Tell them to **** off


----------



## Benco (Jan 30, 2013)

Sounds like a client from hell, I'm not a pro photographer but I've had people like this approach me about commissioned art, they never know what they want but are also never satisfied, you end up in some sort of bizarre guessing game with them providing increasingly useless direction. 

It's not worth it.


----------



## BrianV (Jan 30, 2013)

Sounds like they need you more than you need them, but they are clueless about that fact.

Reshooting a wedding performed three years ago because they did not like the originals.
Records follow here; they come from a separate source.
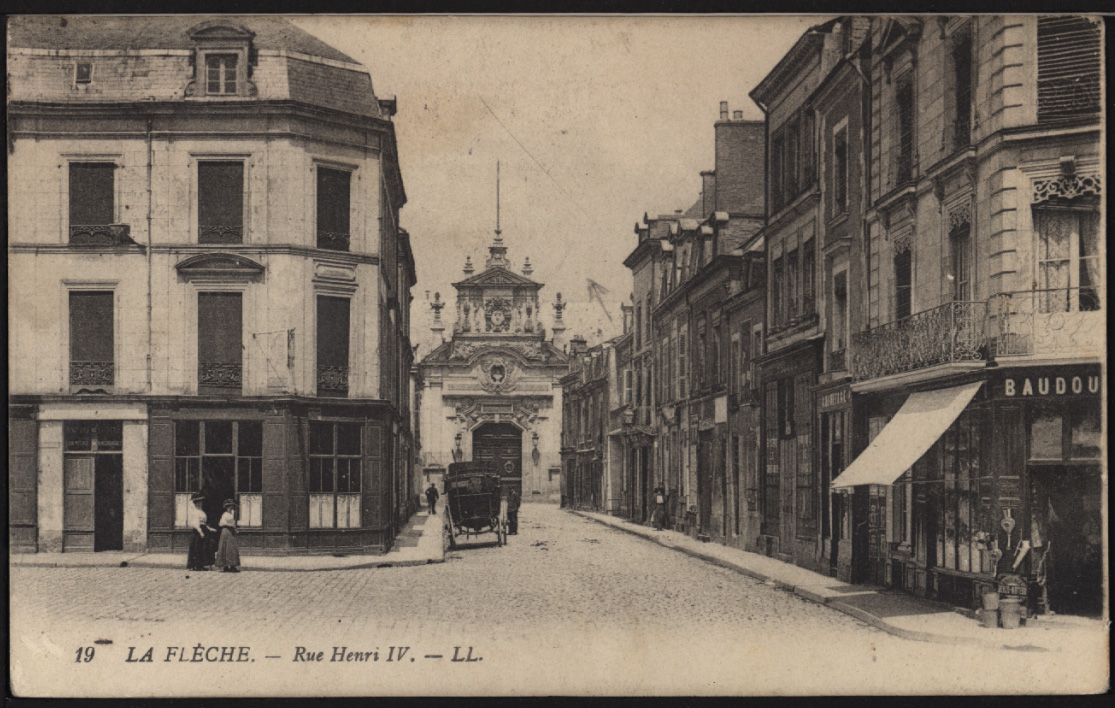 La Flèche - edit LL n°19 Rue Henri IV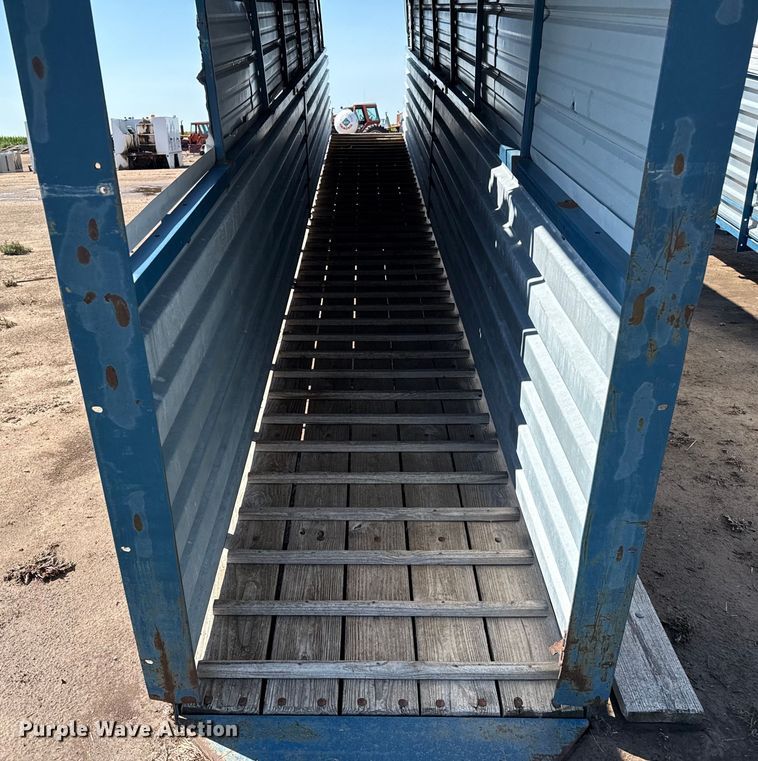 image for item DZ8797 Livestock loading chute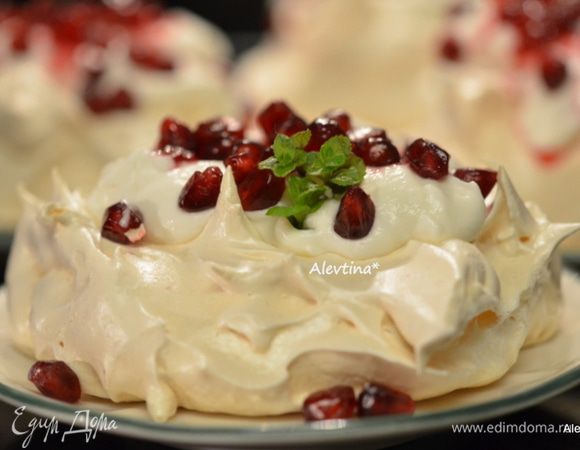 Разложить поверх безе крем.
Сверху выложим домашний клюквенный джем по 1 ч.л. украсим гранатовыми зернами. Подаем тут же, десерт просто тает во рту!!!

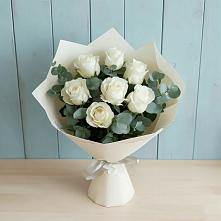 Букет Белые розы в Эвкалипте в Кантемировке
Wow.

Pinky to Lip, "One MEEELLIONNN Dollars"...


----------



## nycphotography (Jan 30, 2013)

Just post up the original on your site, plus your own edit. then add their version as "client directed editorial version".  I'm assuming it was commercial work, so call their version "as published".

Everyone understands that you don't control how the client interprets commercial work once you're done with it.


----------



## KmH (Jan 30, 2013)

+1 on pgriz's comments. The OP used some poor business practices which was a major part of the problem.
It is a good business practice to have a qualified attorney check to make sure your contract covers all the necessary bases.

From a legal perspective, there is no copyright release. Note that copyright law is federal law.

There *is* a copyright transfer.

Copyright is a bundle of rights. A photographer can retain all the rights to images they make while granting partial usage of copyright by someone else. The photographer can limit the allowed use in an astonishing variety of ways including limiting the length of time any usage privileges apply. The document that spells out those provisions is known as a use license. What a lot of retail photographers call a 'print release' is in fact a use license.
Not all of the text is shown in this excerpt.